::: Given entries :::

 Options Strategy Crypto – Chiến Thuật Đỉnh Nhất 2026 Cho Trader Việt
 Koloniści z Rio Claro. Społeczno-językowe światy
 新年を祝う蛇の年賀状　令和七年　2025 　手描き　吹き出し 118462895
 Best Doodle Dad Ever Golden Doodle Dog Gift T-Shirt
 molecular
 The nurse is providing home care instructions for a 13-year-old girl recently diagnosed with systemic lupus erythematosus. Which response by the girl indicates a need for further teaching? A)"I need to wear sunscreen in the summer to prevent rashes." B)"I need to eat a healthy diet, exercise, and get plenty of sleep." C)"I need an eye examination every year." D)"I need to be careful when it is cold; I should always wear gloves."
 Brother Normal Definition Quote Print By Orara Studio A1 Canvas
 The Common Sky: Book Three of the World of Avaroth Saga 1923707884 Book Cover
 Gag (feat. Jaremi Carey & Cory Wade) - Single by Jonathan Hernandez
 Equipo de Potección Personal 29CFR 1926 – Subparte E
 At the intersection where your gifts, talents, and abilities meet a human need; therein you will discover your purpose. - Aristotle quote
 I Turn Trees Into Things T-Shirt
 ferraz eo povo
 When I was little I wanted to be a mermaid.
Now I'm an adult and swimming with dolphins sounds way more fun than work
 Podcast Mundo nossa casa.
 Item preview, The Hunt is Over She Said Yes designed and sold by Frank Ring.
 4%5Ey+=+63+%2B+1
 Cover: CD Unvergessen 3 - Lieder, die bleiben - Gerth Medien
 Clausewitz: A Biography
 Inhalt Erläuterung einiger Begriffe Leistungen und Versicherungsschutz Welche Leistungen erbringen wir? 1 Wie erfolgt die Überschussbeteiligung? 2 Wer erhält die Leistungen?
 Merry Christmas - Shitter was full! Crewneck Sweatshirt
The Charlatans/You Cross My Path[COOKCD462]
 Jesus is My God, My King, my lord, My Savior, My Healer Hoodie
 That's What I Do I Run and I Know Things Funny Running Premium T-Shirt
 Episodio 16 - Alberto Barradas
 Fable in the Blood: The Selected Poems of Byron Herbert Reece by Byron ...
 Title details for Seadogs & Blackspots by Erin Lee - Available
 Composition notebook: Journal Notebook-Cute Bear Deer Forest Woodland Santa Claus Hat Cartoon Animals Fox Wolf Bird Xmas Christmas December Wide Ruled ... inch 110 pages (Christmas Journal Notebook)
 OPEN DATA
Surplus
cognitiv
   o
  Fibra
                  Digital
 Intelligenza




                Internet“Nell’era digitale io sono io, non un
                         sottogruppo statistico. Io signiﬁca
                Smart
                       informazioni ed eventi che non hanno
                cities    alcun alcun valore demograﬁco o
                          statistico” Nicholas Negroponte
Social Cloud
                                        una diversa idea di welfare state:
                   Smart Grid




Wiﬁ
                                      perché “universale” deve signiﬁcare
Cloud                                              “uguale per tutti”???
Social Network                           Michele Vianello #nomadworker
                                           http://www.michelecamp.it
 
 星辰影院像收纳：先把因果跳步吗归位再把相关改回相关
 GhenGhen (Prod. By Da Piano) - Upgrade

:::

● **Task**
Set down exactly, and only, the lines from the one containing "Inhalt Erläuterung einiger" to the final line of the data.

● **Task response**
 Inhalt Erläuterung einiger Begriffe Leistungen und Versicherungsschutz Welche Leistungen erbringen wir? 1 Wie erfolgt die Überschussbeteiligung? 2 Wer erhält die Leistungen?
 Merry Christmas - Shitter was full! Crewneck Sweatshirt
The Charlatans/You Cross My Path[COOKCD462]
 Jesus is My God, My King, my lord, My Savior, My Healer Hoodie
 That's What I Do I Run and I Know Things Funny Running Premium T-Shirt
 Episodio 16 - Alberto Barradas
 Fable in the Blood: The Selected Poems of Byron Herbert Reece by Byron ...
 Title details for Seadogs & Blackspots by Erin Lee - Available
 Composition notebook: Journal Notebook-Cute Bear Deer Forest Woodland Santa Claus Hat Cartoon Animals Fox Wolf Bird Xmas Christmas December Wide Ruled ... inch 110 pages (Christmas Journal Notebook)
 OPEN DATA
Surplus
cognitiv
   o
  Fibra
                  Digital
 Intelligenza




                Internet“Nell’era digitale io sono io, non un
                         sottogruppo statistico. Io signiﬁca
                Smart
                       informazioni ed eventi che non hanno
                cities    alcun alcun valore demograﬁco o
                          statistico” Nicholas Negroponte
Social Cloud
                                        una diversa idea di welfare state:
                   Smart Grid




Wiﬁ
                                      perché “universale” deve signiﬁcare
Cloud                                              “uguale per tutti”???
Social Network                           Michele Vianello #nomadworker
                                           http://www.michelecamp.it
 
 星辰影院像收纳：先把因果跳步吗归位再把相关改回相关
 GhenGhen (Prod. By Da Piano) - Upgrade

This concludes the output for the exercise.